We also got 19 NA values, being sex variable the one
with the most amount.
s = colSums(is.na(penguins)) |> data.frame() |>
rownames_to_column(var = 'Column') |>
rename(NA_Freq = 'colSums.is.na.penguins..') # NA values by column| Column | NA_Freq |
|---|---|
| species | 0 |
| island | 0 |
| bill_length_mm | 2 |
| bill_depth_mm | 2 |
| flipper_length_mm | 2 |
| body_mass_g | 2 |
| sex | 11 |
| year | 0 |
Motivation: is there any relation between penguin’s flipper length
(mm) and their body mass (g)? Remember your data has NA
values!
penguins |> ggplot(aes(flipper_length_mm, body_mass_g)) +
geom_point(na.rm = T)Motivation: how would the previous chart be if we wanted to see the spread by species? Use color property.
penguins |> ggplot(aes(flipper_length_mm, body_mass_g, color = species)) +
geom_point(na.rm = T)Motivation: and if instead of different colors, we wanted to have different shapes representing each specie?
penguins |> ggplot(aes(flipper_length_mm, body_mass_g, shape = species)) +
geom_point(na.rm = T)Motivation: can we have both shape and color properties to represent the species?
penguins |> ggplot(aes(flipper_length_mm, body_mass_g, shape = species, color = species)) +
geom_point(na.rm = T)Motivation: how to add a fade effect on points?
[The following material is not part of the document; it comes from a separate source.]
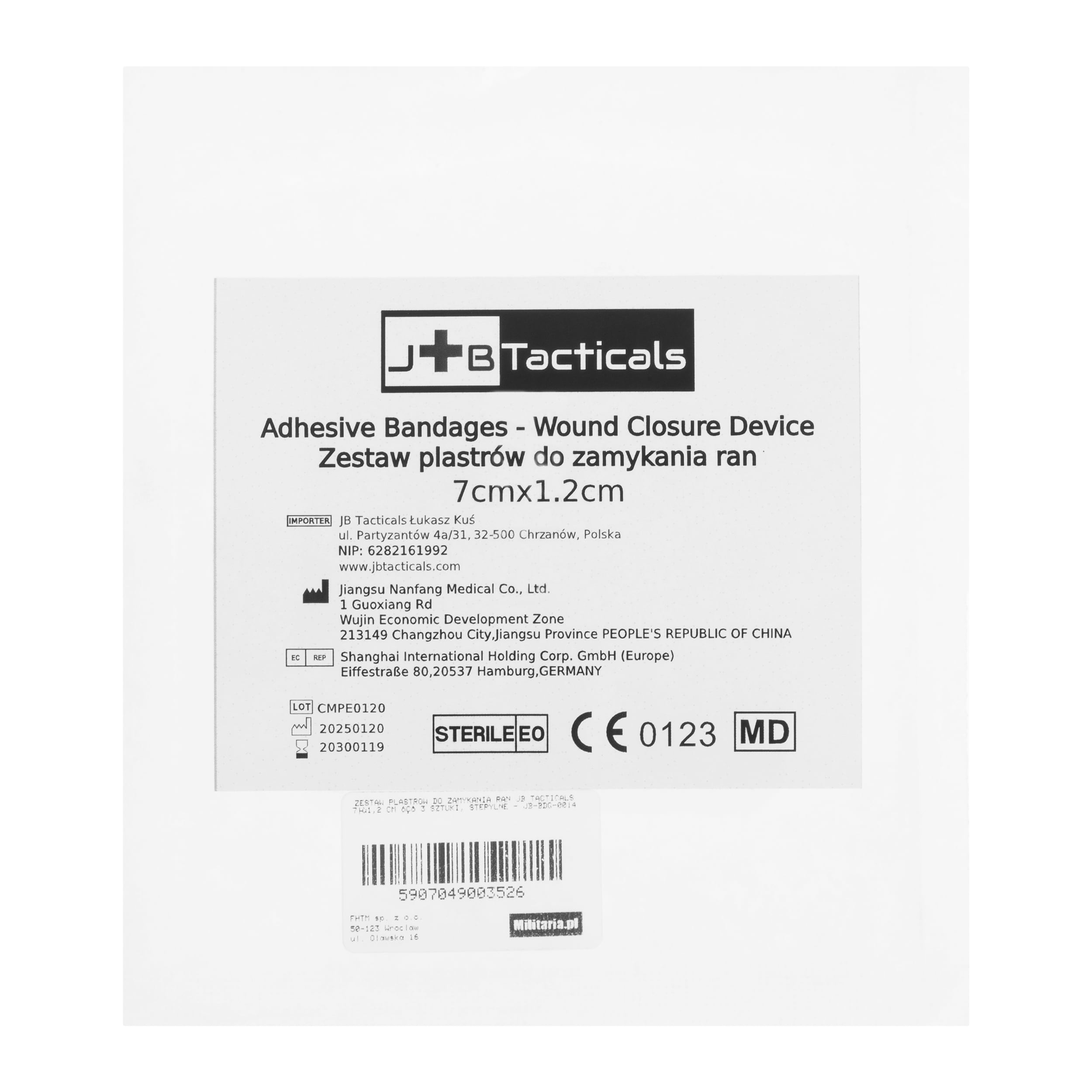 Plaster JB Tacticals do zamykania ran sterylny 7 x 1,2 cm - 3 szt.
Consider the first plot you made.
penguins |> ggplot(aes(flipper_length_mm, body_mass_g, alpha = species)) +
geom_point(na.rm = T)## Warning: Using alpha for a discrete variable is not advised.
Note ggplot yields a warning advising that using alpha
for discrete variables is not recommended.
Motivation: considering the first plot, how can one change the color of the points?
penguins |> ggplot(aes(flipper_length_mm, body_mass_g)) +
geom_point(na.rm = T, colour = 'purple')Motivation: it’s cool to see the spread of the penguin’s body masses along with their flipper’s lengths, all in on chart. But how could we see it separately?
penguins |> ggplot(aes(flipper_length_mm, body_mass_g)) +
geom_point(na.rm = T) +
facet_wrap(~species)It’s also possible to use facet_grid() function,
although it’s used more often for two variables.
penguins |> ggplot(aes(flipper_length_mm, body_mass_g)) +
geom_point(na.rm = T) +
facet_grid(~species)With two variables:
penguins |> ggplot(aes(flipper_length_mm, body_mass_g)) +
geom_point(na.rm = T) +
facet_grid(sex~species)Note we have NA values in the sex variable, and they’re
observations from Adelie and Gentoo species.
And if we had to hide the NA values:
penguins |> drop_na() |> ggplot(aes(flipper_length_mm, body_mass_g)) +
geom_point() +
facet_grid(sex~species)Motivation: by seeing the charts above, it looks reasonable to say that we could fit a regression model with these two variables (body mass and flipper length). How to add a regression line to the previous chart?
penguins |> ggplot(aes(flipper_length_mm, body_mass_g)) +
geom_point(na.rm = T) +
geom_smooth(na.rm = T)By default, ggplot plots the regression line using the
loess method, but this behavior can be me changed
through the method parameter:
penguins |> ggplot(aes(flipper_length_mm, body_mass_g)) +
geom_point(na.rm = T) +
geom_smooth(na.rm = T, method = 'lm')Motivation: at last, what if we wanted to plot the regression line, considering all types of species?
penguins |> ggplot(aes(flipper_length_mm, body_mass_g, linetype = species)) +
geom_smooth(na.rm = T, method = 'lm')Motivation: create a bar chart showing the frequency of species of penguins.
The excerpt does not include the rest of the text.